[youtube=http://www.youtube.com/watch?v=s5-30NKSwo8] From Atlantic Cities: "Paris looks like, well, Paris. Wander down any side street in a residential neighborhood, and the city simply has a distinctive look and feel, the result of myriad small distinctions, including the way Parisian balconies are constructed." "A question people are much less good at: identifying with some kind of scientific accuracy exactly what makes Paris look like Paris. But academics at Carnegie Mellon University and INRIA/Ecole Normale Supérieure in Paris suspected that a computer might be able to do this. They were looking not for the big, obvious landmarks like the Eiffel Tower, but for 'the visual minutiae of daily urban life.' These are the patterns of smaller features in building design that repeat themselves all over a city."
"The researchers note that their algorithm had a much harder time with American cities, where some of the most commonly identified elements were car models and road features." Full article here.

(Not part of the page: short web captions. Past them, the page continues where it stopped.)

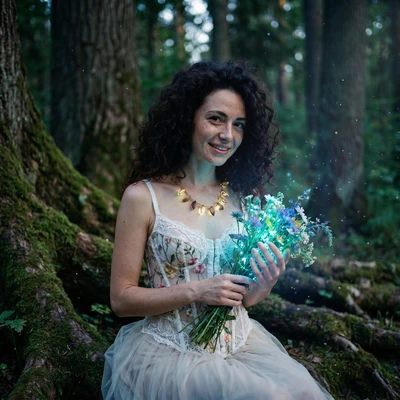 Лесная Нимфа: Магия Цветов — AI промт для Nano Banana Pro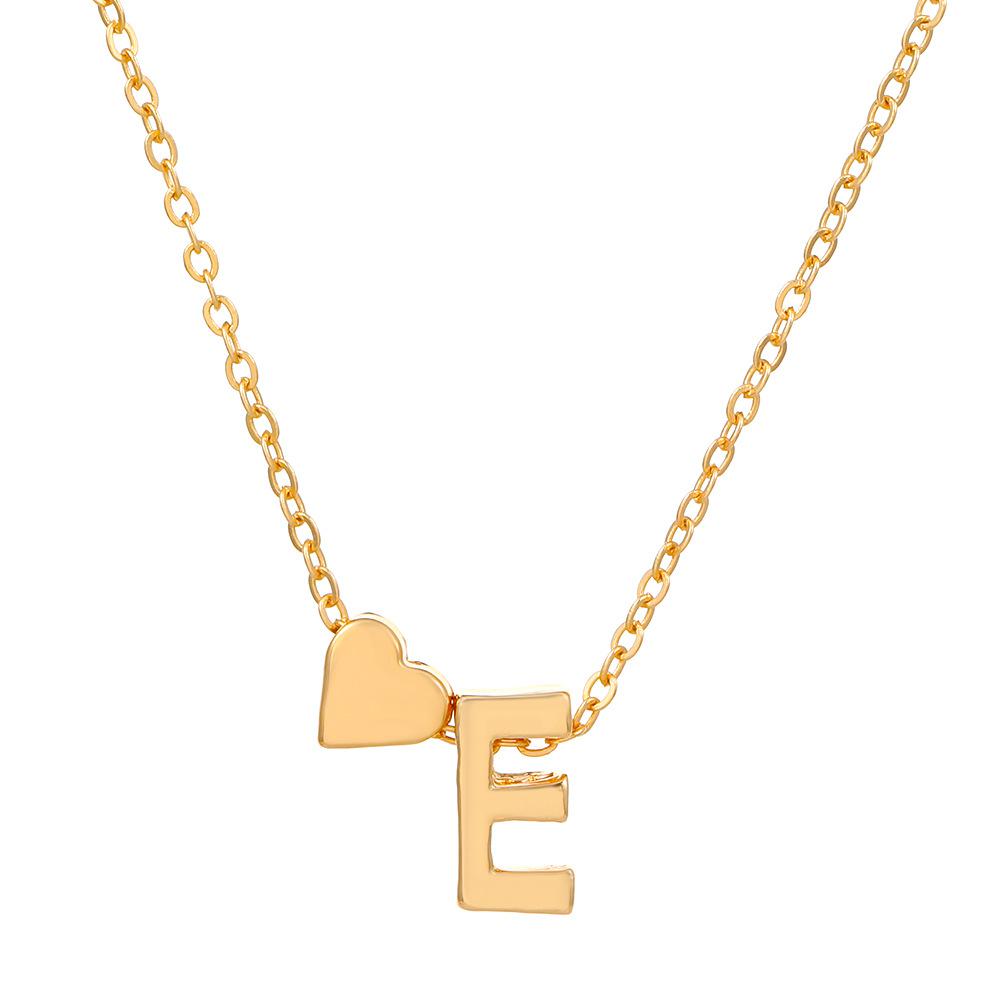 Initial Letter Heart Pendant Clavicle Chain Necklace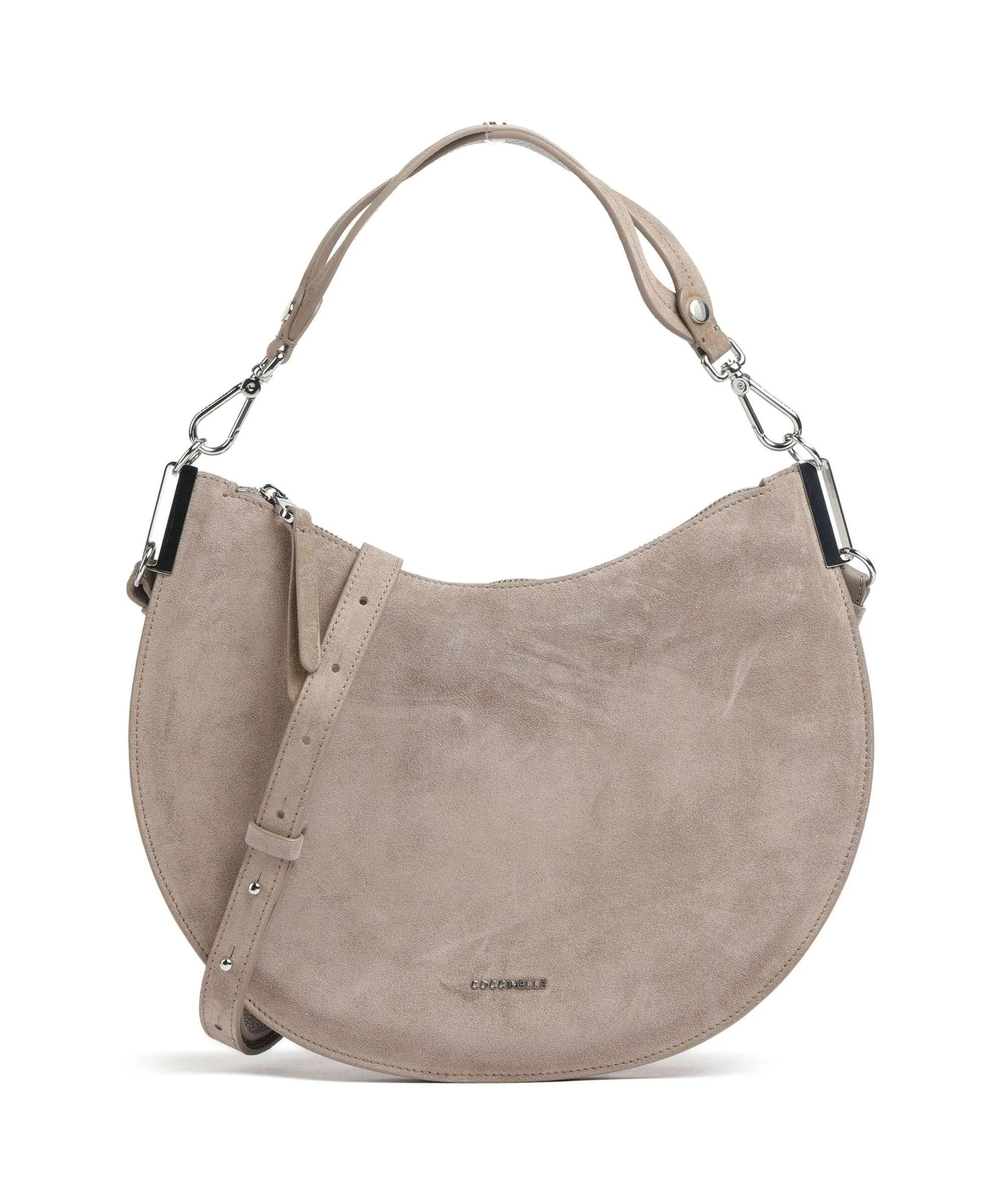  Coccinelle Sunup Suede Borsa hobo pelle ruvida taupe  
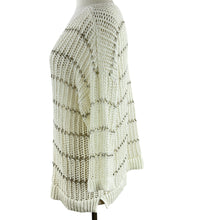 Load image into Gallery viewer, Chico's Open Knit V-Neck Sweater 3/4 Sleeve Size Large (Chico's Size 2) in Description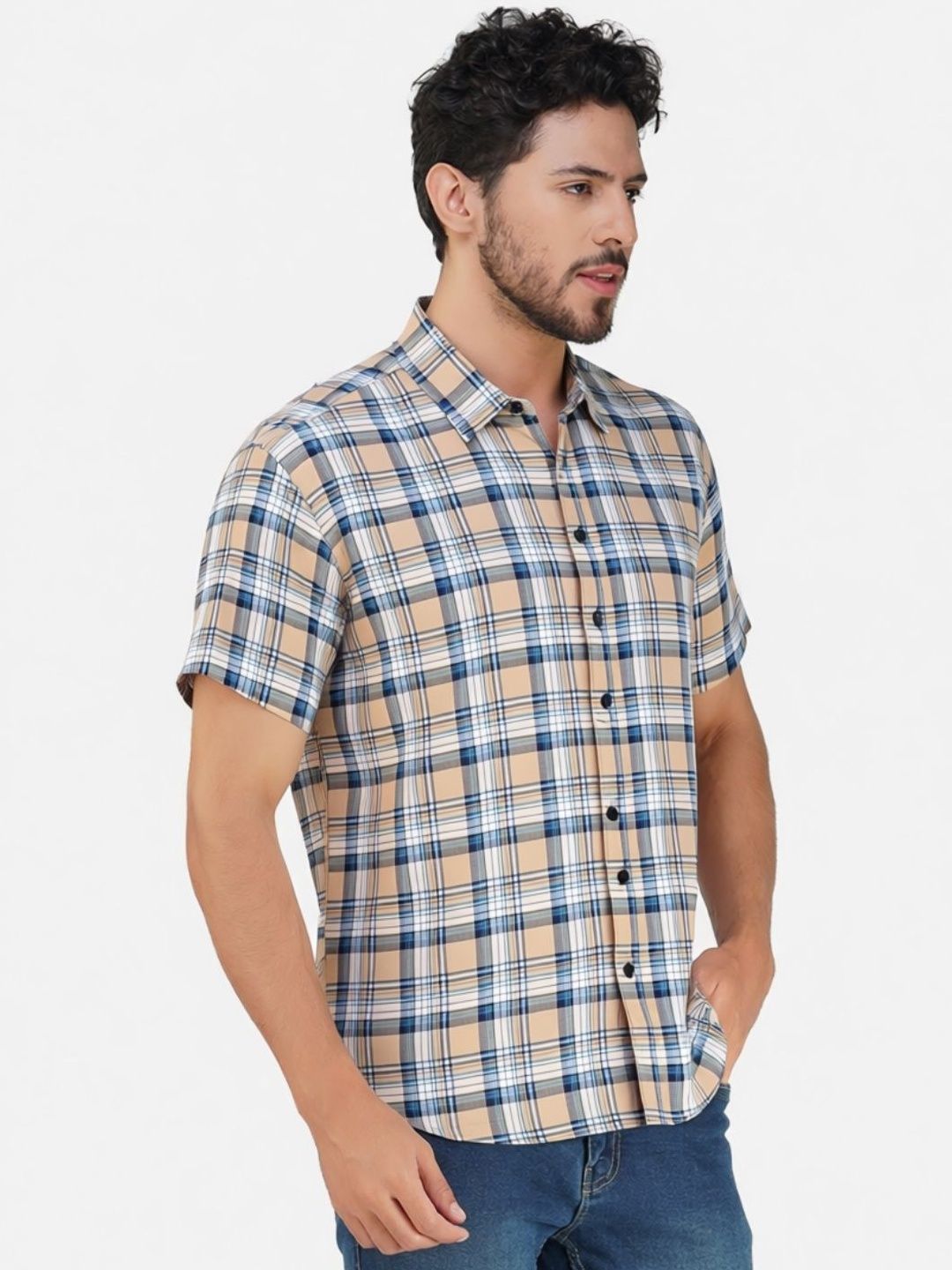 BASE 41 Men Slim Fit Checked Casual Shirt-image-11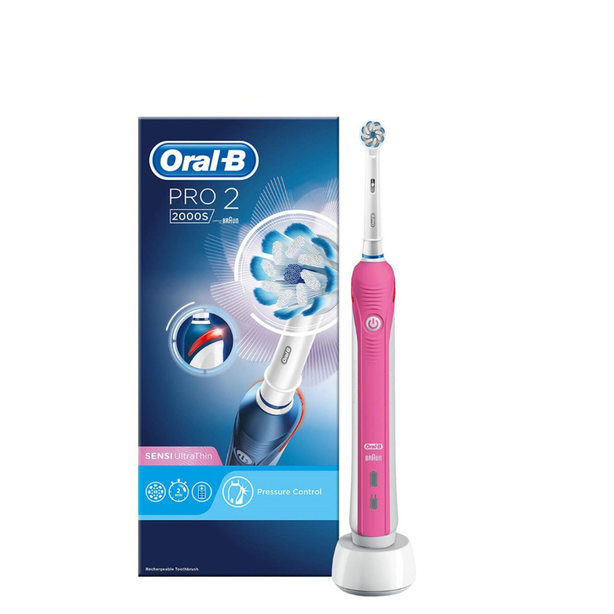 Oral B Pro 2 2000 Rechargeable Electric Toothbrush Round Oscillation Cleaning Pink Braun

From the "What Makes Paris Look Like Paris?" project webpage: "Given a large repository of geotagged imagery, we seek to automatically find visual elements, e.g. windows and balconies, that are most distinctive for a certain geo-spatial area, for example the city of Paris. We show that geographically representative image elements can be discovered automatically from Google Street View imagery in a discriminative manner." Website includes paper, open-source code, Paris/non game, and more related resources.
My theory: a city's cultural tourism logo is the architectural style of its small buildings.